A hidden bird twittered.
‘The Greek mythic personality, it had also pregnancy by rain and rape by fowl.’
‘And haven’t we come a long way,’ Steeply said ironically.
‘This irony and contempt for selves. These also are part of your U.S.A. type’s temptation, I think.’
‘Whereas your type’s a man of only actions, ends,’ Steeply said, with Marathe could not tell whether irony or maybe not.
The desert floor was brightening by imperceptible degrees, its surface the color of overtanned hide. The saguaro cactus reptile-hued. Potentially young forms in down sleeping bags of coffinous shape were now discernible around the black remains of the night’s bonfire. The air smelled of green wood. A tasteless odor of dust. The distant construction site’s payloaders were urine-colored and appeared frozen in the middle of various actions. It was still chill. Marathe’s teeth had a palpable film on them, of perhaps a paste of dust, especially the front teeth. No sun’s top arc was appearing, and Marathe could cast no shadow yet on the shale behind them.
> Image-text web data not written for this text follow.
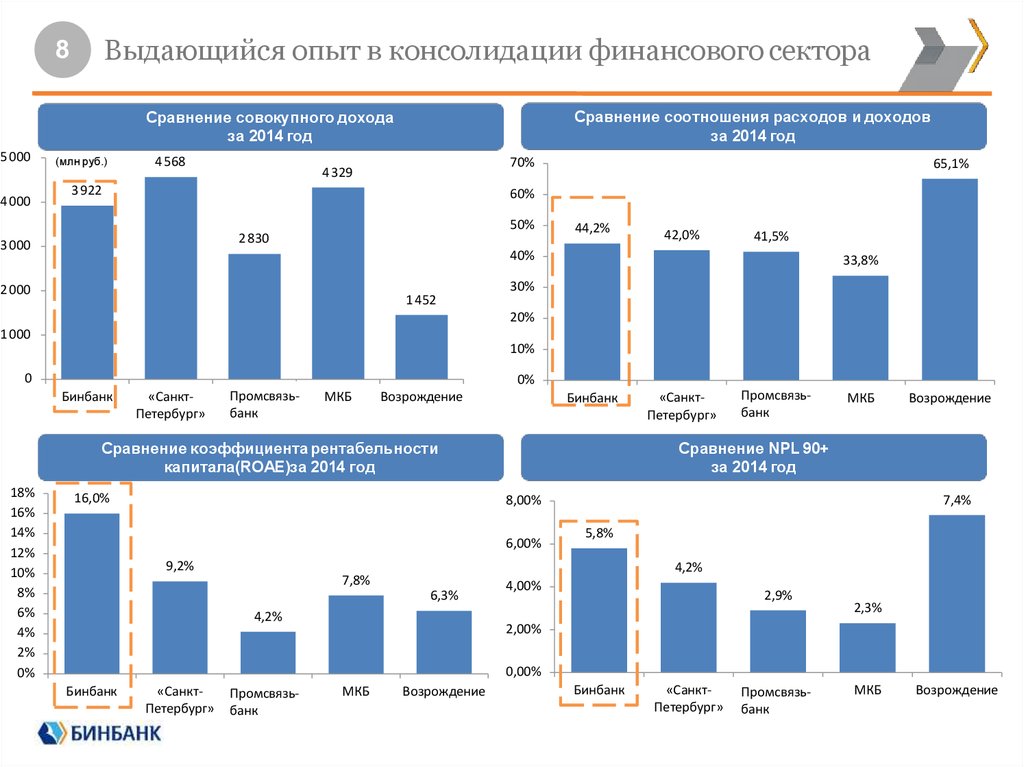 Сравнение соотношение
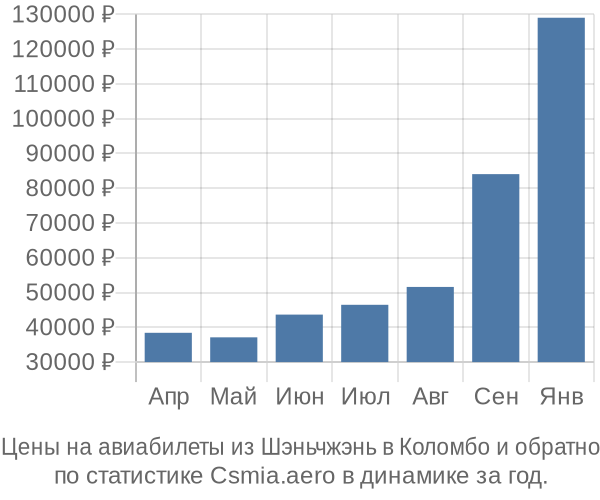 Авиабилеты из Шэньчжэнь в Коломбо цены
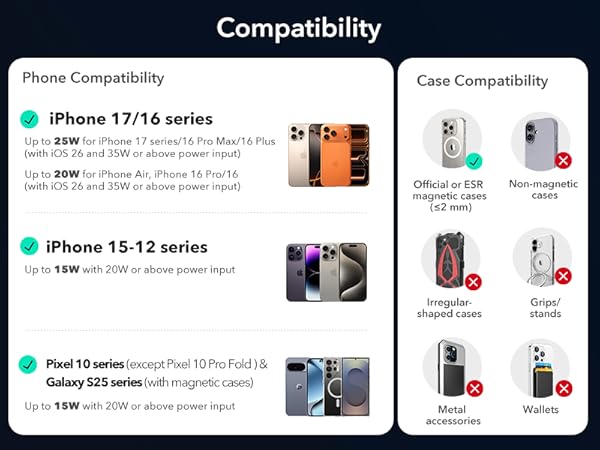 25W magsafe car mount charger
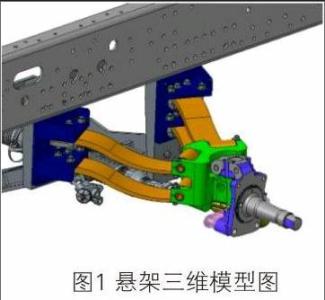 ����Ԫ����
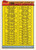 1991 Topps 1990 Debut #170 Checklist NM-MT Checklist 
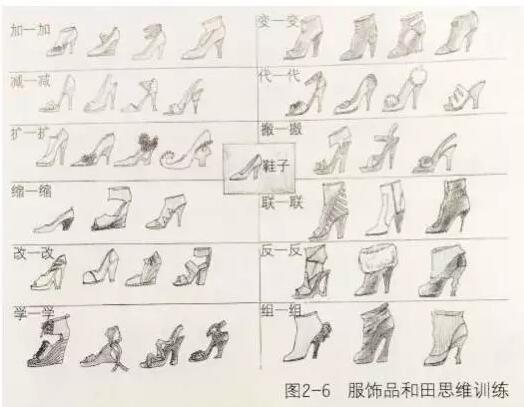 時(shí)尚設(shè)計(jì)留學(xué)思維導(dǎo)圖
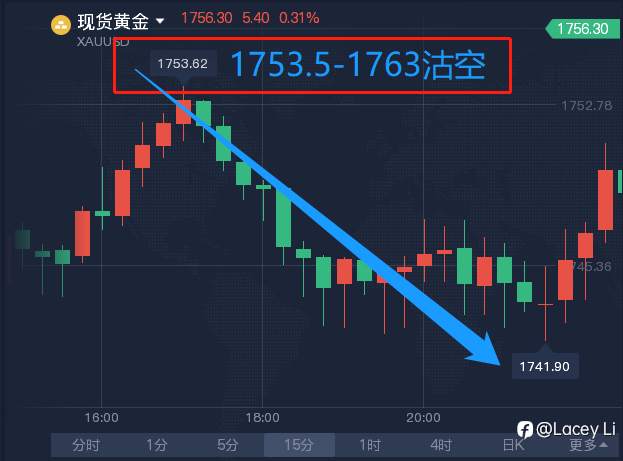 欧元&黄金 获利回顾
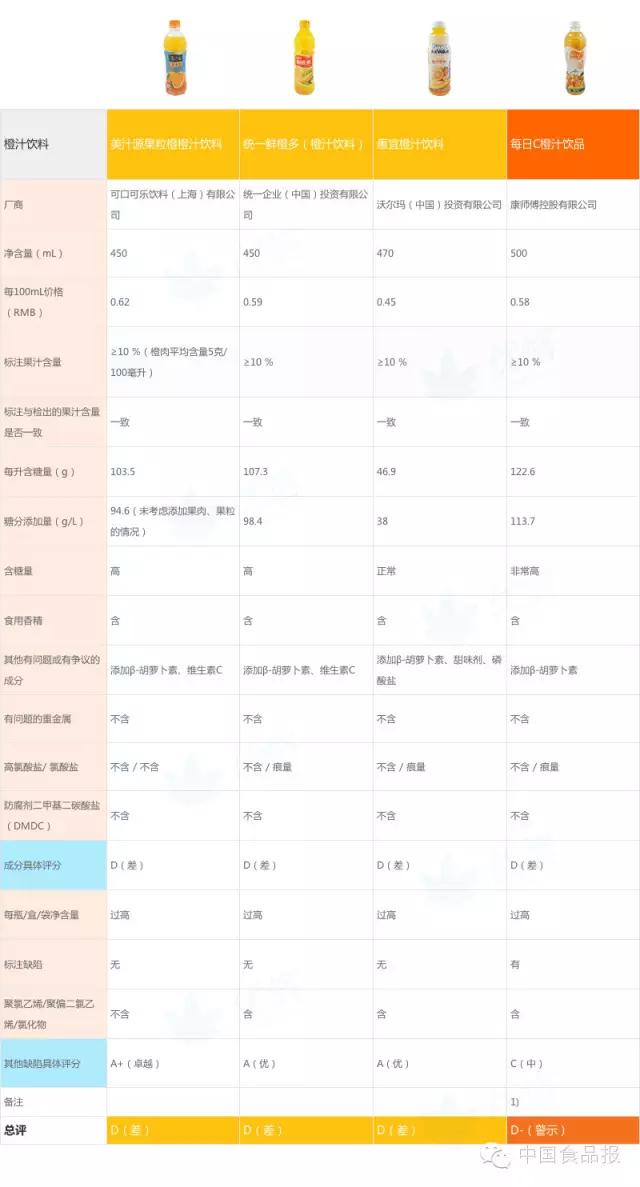 100%橙汁测评,橙汁100%原汁排行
Rémy Marathe’s resting pulse rate was very low: no legs to require blood from the heart. He very rarely felt phantom pains, and then only in the stump of the left. All A.F.R.s have enormous arms, particularly upper arms. Marathe was left-handed. Steeply manipulated his cigarette with his left hand and used his right arm to cradle the left elbow. But Marathe knew quite well that Steeply was right-handed. The little wens of his field-persona’s electrolysis were now brightly pink against the pallor of Steeply’s face, which appeared both puffy and drawn.
The cloudless sky above the east’s Mountains of Rincon range was the faint sick pink of an unhealed burn. The whole imperceptibly lightening scene of the vistas had a stillness about it that suggested photography. Marathe had long ago placed his watch in his windbreaker’s pocket, to keep from continually checking. Steeply enjoyed imagining that his interface dictated its own period and time; Marathe had chosen to indulge this.
Marathe realized about himself that some of his pretended sniffing was for the purpose of alerting Steeply to the breaking of a silence. ‘You could seat yourself briefly, if you have fatigue. The shoes’ straps …” He gestured slightly.
Steeply made a show of looking down and prodding at the tan stone’s dust with the toes of his shoe. ‘It looks like there might be things.’
‘I must soon leave.’ Marathe’s hand was imprinted with the texture of the Sterling’s pebbled grip. Tt has been good to be in the air for a night. Soon I must leave,’
‘Crawling around. The skirt, it makes one sensitive about simply plopping down wherever you wish. Possibility of things … crawling up.’ He looked up at Marathe. He appeared sad. ‘I’d never realized.’